Маргарет направилась к двери.

— Ты ведь еще будешь доделывать эту штуковину? Я хочу посмотреть до самого конца. Уверена, что завтра твое настроение переменится к лучшему.

— Мое настроение остается таким же, каким оно было всегда. Именно поэтому я предостерегаю тебя.

— Но мы так хорошо ладим. Особенно в последнее время. Я чувствую, что гораздо лучше стала понимать тебя и…

— Неужели ты не видишь, откуда исходит опасность? — От ожесточенности, неожиданно прозвучавшей в его голосе, Маргарет на секунду опешила.

— Что ты имеешь в виду? — осторожно спросила она.

— Подумай сама об этом на досуге! — Картаук снова склонился над формой. — И не возвращайся сюда больше, Маргарет.

Маргарет. Впервые он назвал ее по имени. И в этот миг словно мостик перекинулся между двумя берегами, соединив их.

— Картаук. — Она облизнула пересохшие губы. Ей тоже захотелось назвать его по имени. — Джон…

Все его мышцы напряглись. Но он так и не поднял головы. Волна страха окатила Маргарет, когда она осознала, что испытывает острое желание, чтобы Картаук поднял глаза и посмотрел на нее так, как смотрел перед этим. Было бы лучше, если бы он, как прежде, оставался за невидимой стеной. Но он ничего не делал для того, чтобы воздвигнуть между ними преграду. Он продолжал сидеть за рабочим столом, пристально глядя невидящими глазами на печатку. И Маргарет чувствовала, что она не в силах двинуться, будто все ее тело было сковано тяжелыми цепями невысказанного и невыразимого желания.

Наконец Картаук, словно подчиняясь молчаливому призыву, начал поднимать голову. Маргарет почувствовала себя так, словно горячие железные обручи сдавили ее сердце.

— Нет! — почти выкрикнула она, рывком открыла дверь, побежала вдоль длинного слабо освещенного коридора и распахнула дверь к Йену, будто искала у него спасения.

Желание.

Боже милостивый!

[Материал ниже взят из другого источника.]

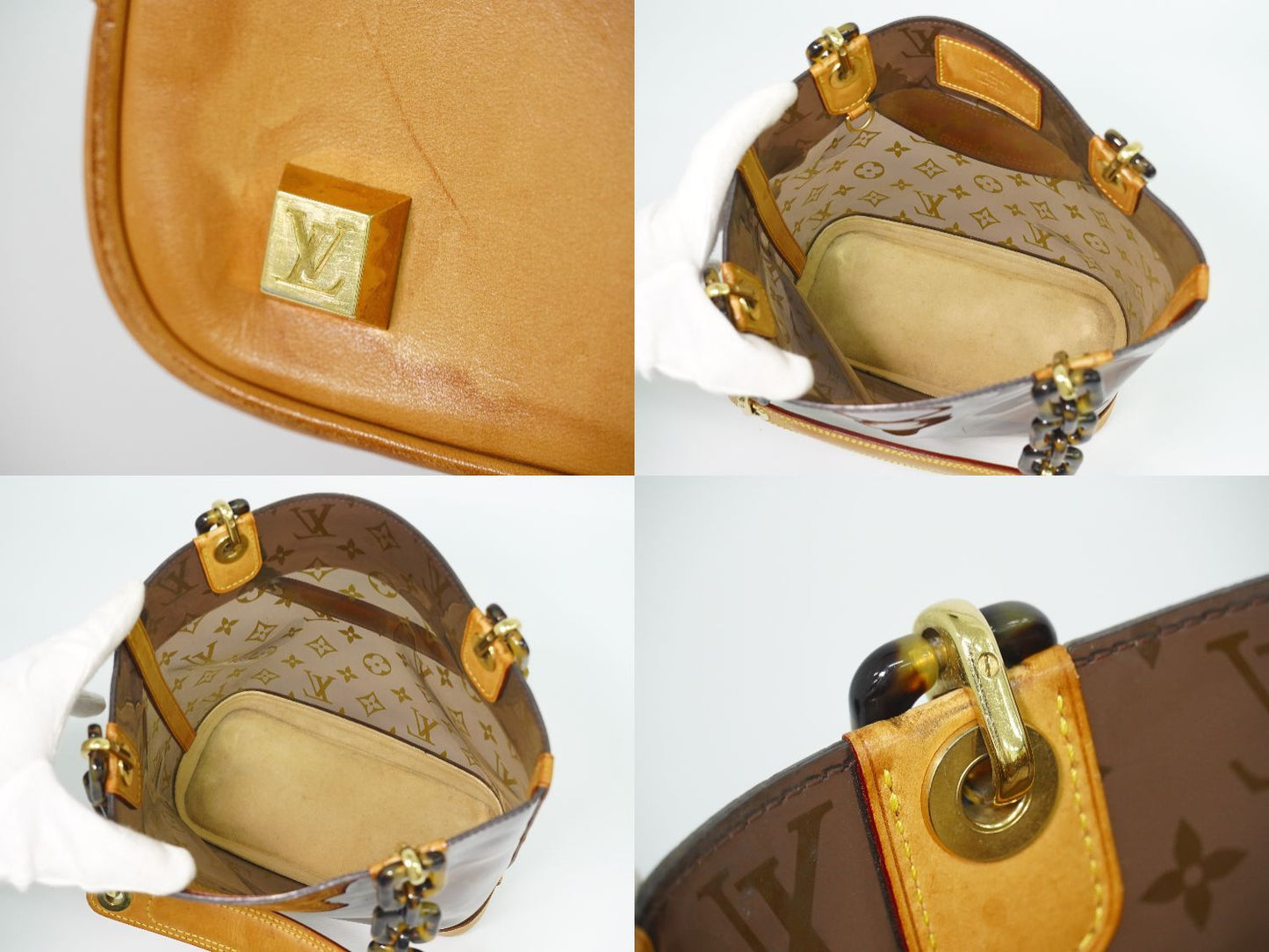 Louis Vuitton LV Cover Ambre PM Monogram Vinyl Tote Clear Brown — view 8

Она испытывала потребность слиться с Картауком с той страстью, которую она только изображала в минуты близости с Йеном. Тело ее отозвалось на присутствие Картаука так, как оно должно было ответить только на присутствие мужа.

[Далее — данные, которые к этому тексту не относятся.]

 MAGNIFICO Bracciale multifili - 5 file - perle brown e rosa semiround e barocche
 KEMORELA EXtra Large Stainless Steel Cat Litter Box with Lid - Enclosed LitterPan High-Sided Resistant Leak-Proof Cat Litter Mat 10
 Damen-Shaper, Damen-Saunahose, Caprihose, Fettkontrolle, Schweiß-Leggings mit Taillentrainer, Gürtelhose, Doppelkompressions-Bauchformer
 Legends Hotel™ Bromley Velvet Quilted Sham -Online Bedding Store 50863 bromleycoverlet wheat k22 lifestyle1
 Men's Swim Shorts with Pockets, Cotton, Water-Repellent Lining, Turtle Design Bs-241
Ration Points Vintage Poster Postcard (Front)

Она изменила Йену. Пусть всего лишь мысленно, но она изменила ему.


Языки пламени охватили погребальный костер и носилки, на которых лежало тело махараджи, обернутое шелком. Аромат горящего сандалового дерева распространялся все дальше и дальше, в то время как огонь превращал бренные останки в воздух, огонь, воду и землю.

Горестные причитания плакальщиков усилились, заглушая потрескивание костра и вопли связанных наложниц, выбранных для того, чтобы сопровождать махараджу в его последний путь.